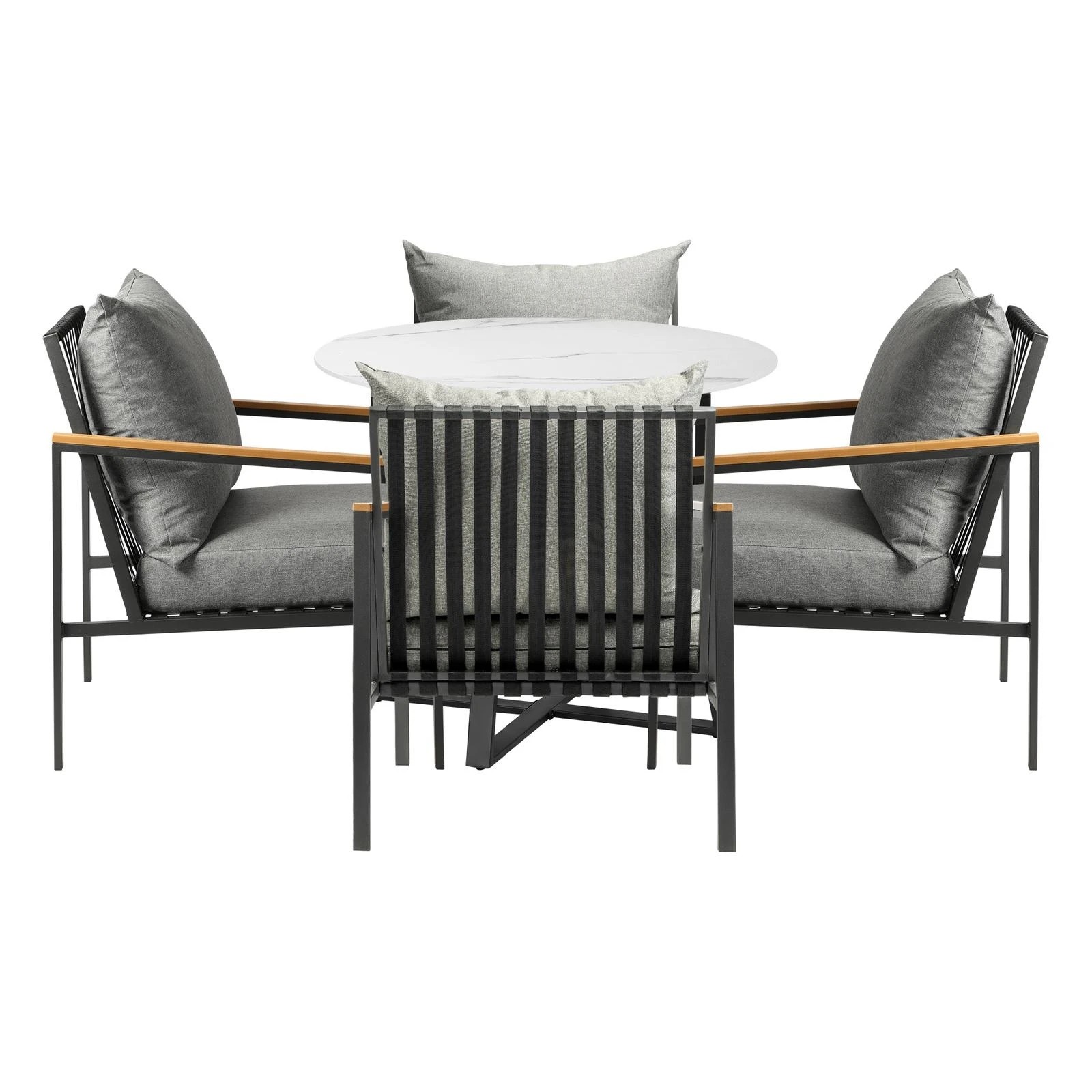 6 Livsip 5pcs Outdoor Dining Setting Table Sofa Chairs Patio Furniture Bistro Set
 - Multi, 6 of 10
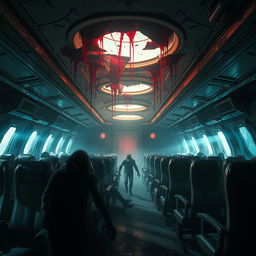 A highly eerie and terrifying spaceship interior filled with tall, ominous chairs that exude a sense of dread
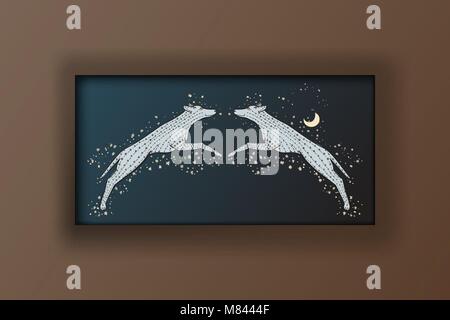 The picture in the brown frame vector illustration. Two wolves jump. Wild dogs on the background of the starry night sky with the moon. Stock Vector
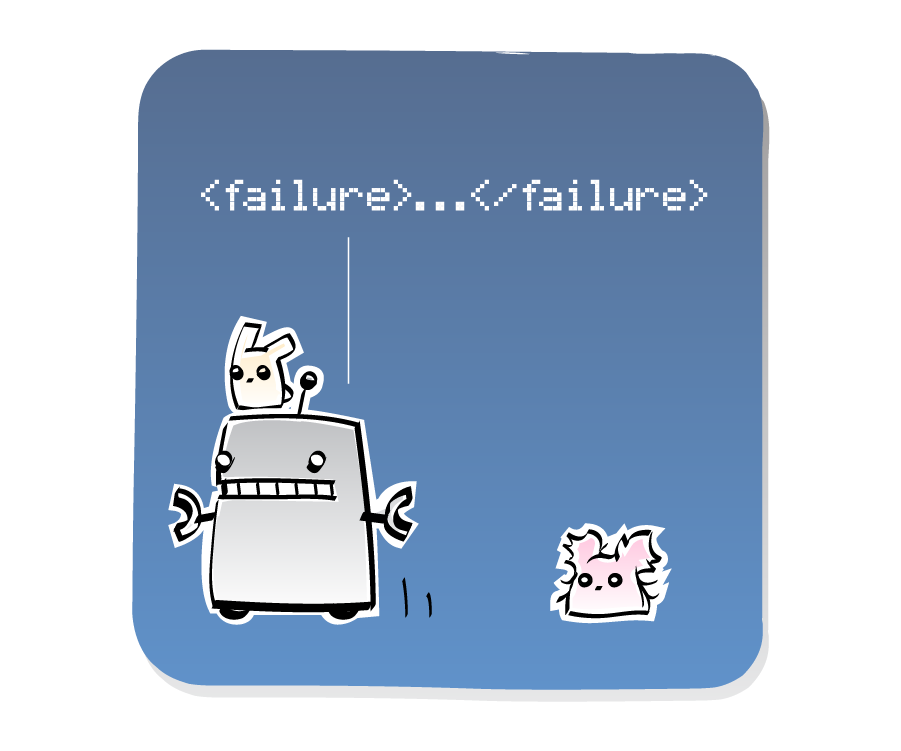 Panel 2: Robot, with an Eep on his head, turns and walks away from the Poof on the ground. Robot says: "<failure>...</failure>"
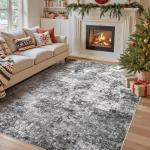 Area Rug Living Room Rugs - 9x12 Large Soft Indoor Neutral Modern Abstract Low Pile Washable Rug Carpet for Bedroom Dining Room Farmhouse Home Office - Grey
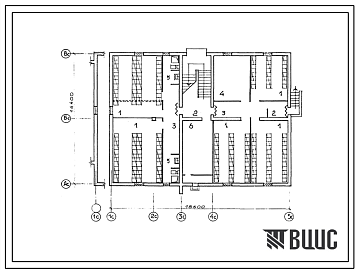 Фасады Типовой проект П-2-240(17-0113с.13.87) Подсобные помещения подвала 2-этажной 6-квартирной торцовой блок-секции Т-3.2.1 со стенами из крупных легкобетонных блоков, (убежище на 240 человек, размеры убежища 18,6м на 14,4м, режимы вентиляции 1,2,3).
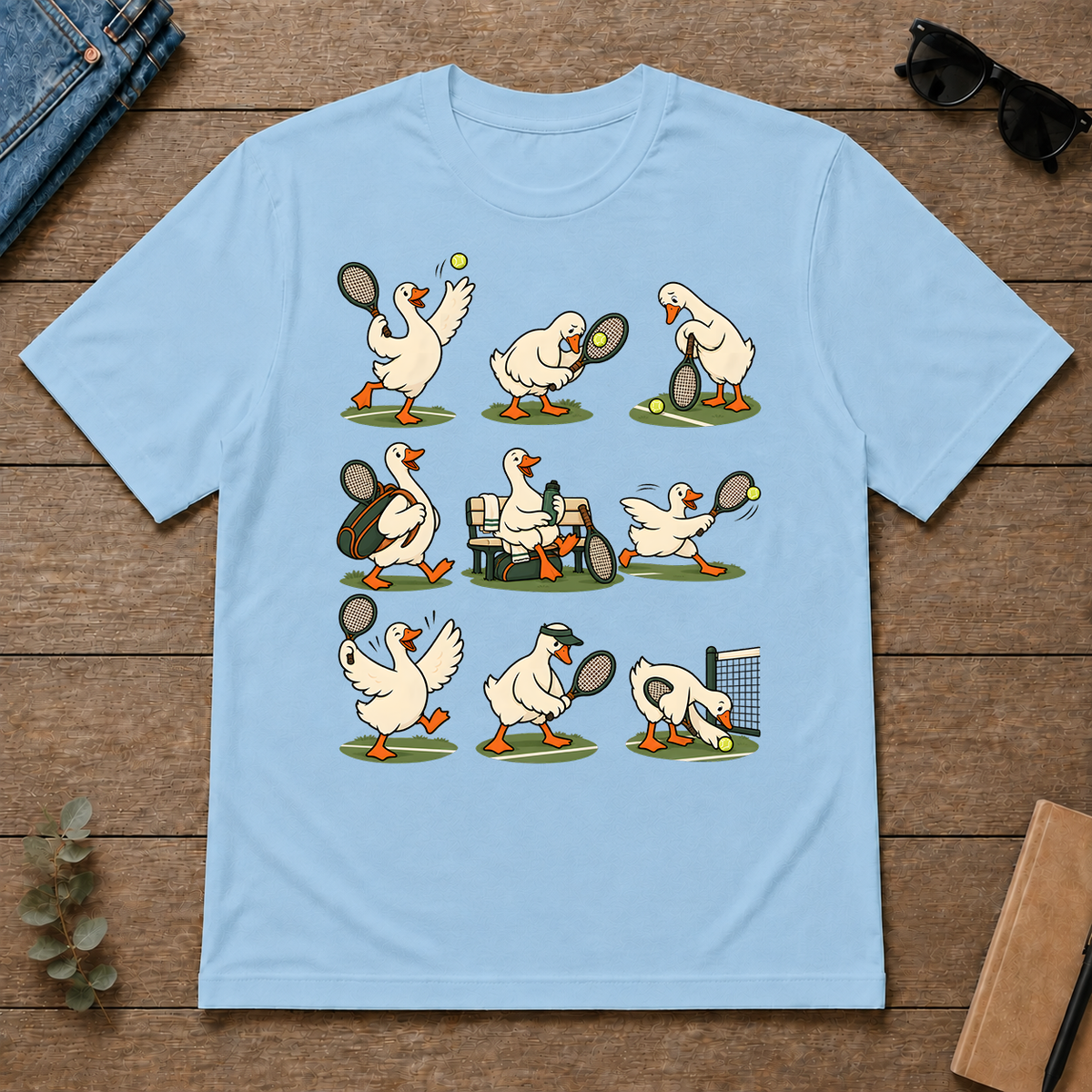 Funny Ducks Playing Tennis - light-blue - TS2D-LightBlue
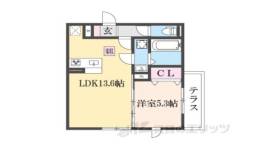 Ｄ－ＲＯＯＭ深草小久保町Ｃ間取り図面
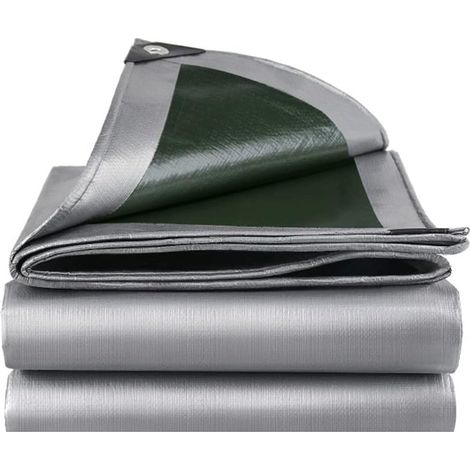 Bâche de Protection Exterieur avec Oeillets, 3x4m 160 g/m² PE Bâche Voiture Piscine, Imperméable Résistante aux Déchirures UV Intempéries, Bâche Multi-Usage pour Meubles de Jardin, Gris Vert (1/5)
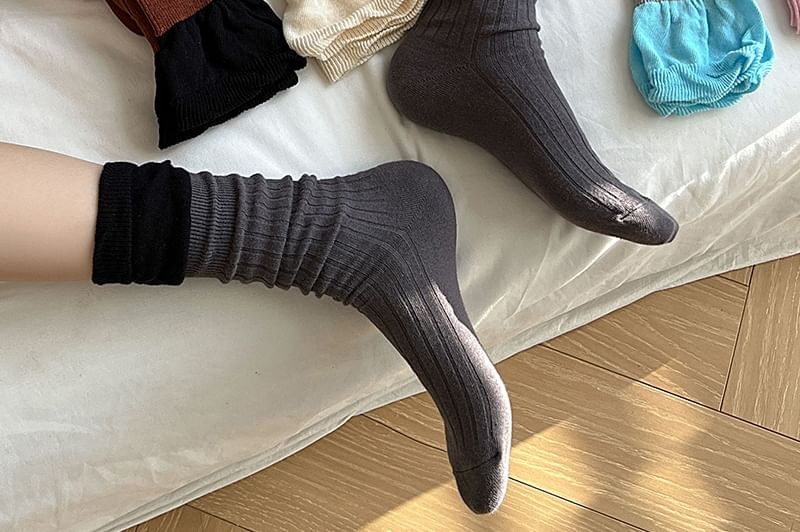 Two Tone Ribbed Socks / Set SpreePicky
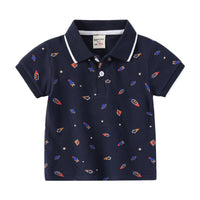 Load image into Gallery viewer, Baby Kid Boys Dinosaur Animals Plant Star Galaxy Expression Print Polo Shirts Wholesale 220302288
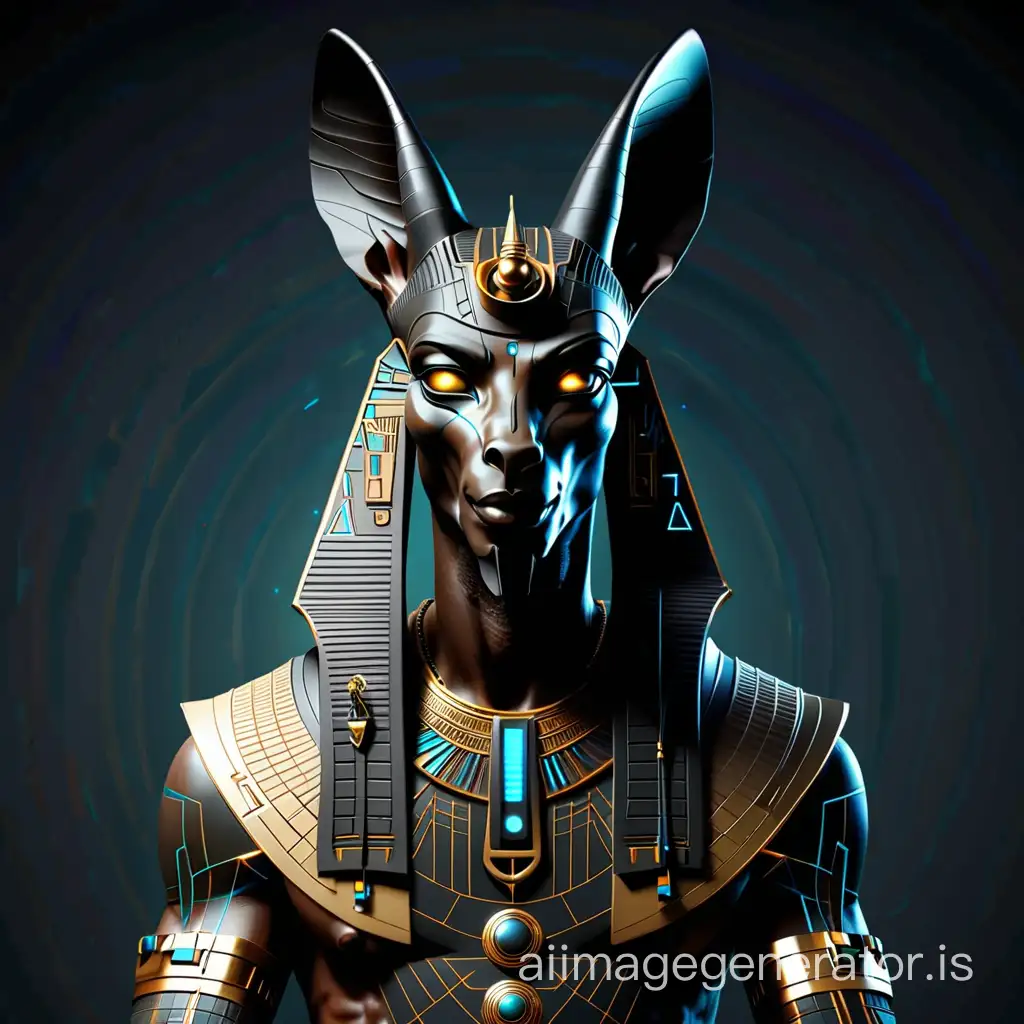 A visualization of the character of Anubis, the Egyptian god, in a futuristic technological form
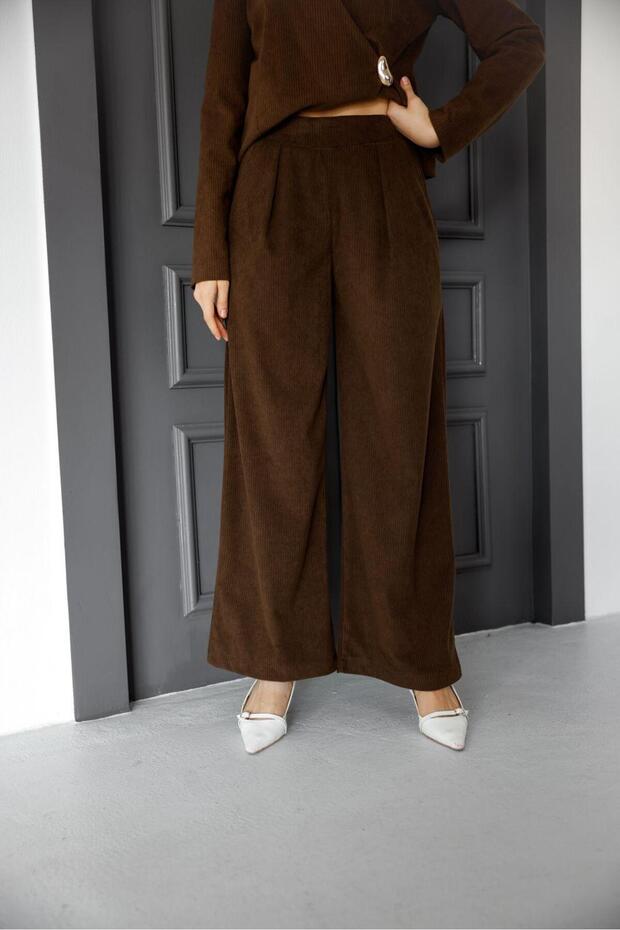 Women's Brown Wide Leg Corded Fabric Velvet Plazzo Trousers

◇ ◇ ◇

_ASSIGNED TASK_: Return every line above word for word, minus images.

_SOLUTION FOR THIS PROBLEM_:
 6 Livsip 5pcs Outdoor Dining Setting Table Sofa Chairs Patio Furniture Bistro Set
 - Multi, 6 of 10
 A highly eerie and terrifying spaceship interior filled with tall, ominous chairs that exude a sense of dread
 The picture in the brown frame vector illustration. Two wolves jump. Wild dogs on the background of the starry night sky with the moon. Stock Vector
 Panel 2: Robot, with an Eep on his head, turns and walks away from the Poof on the ground. Robot says: "<failure>...</failure>"
 Area Rug Living Room Rugs - 9x12 Large Soft Indoor Neutral Modern Abstract Low Pile Washable Rug Carpet for Bedroom Dining Room Farmhouse Home Office - Grey
 Фасады Типовой проект П-2-240(17-0113с.13.87) Подсобные помещения подвала 2-этажной 6-квартирной торцовой блок-секции Т-3.2.1 со стенами из крупных легкобетонных блоков, (убежище на 240 человек, размеры убежища 18,6м на 14,4м, режимы вентиляции 1,2,3).
 Funny Ducks Playing Tennis - light-blue - TS2D-LightBlue
 Ｄ－ＲＯＯＭ深草小久保町Ｃ間取り図面
 Bâche de Protection Exterieur avec Oeillets, 3x4m 160 g/m² PE Bâche Voiture Piscine, Imperméable Résistante aux Déchirures UV Intempéries, Bâche Multi-Usage pour Meubles de Jardin, Gris Vert (1/5)
 Two Tone Ribbed Socks / Set SpreePicky
 Load image into Gallery viewer, Baby Kid Boys Dinosaur Animals Plant Star Galaxy Expression Print Polo Shirts Wholesale 220302288
 A visualization of the character of Anubis, the Egyptian god, in a futuristic technological form
 Women's Brown Wide Leg Corded Fabric Velvet Plazzo Trousers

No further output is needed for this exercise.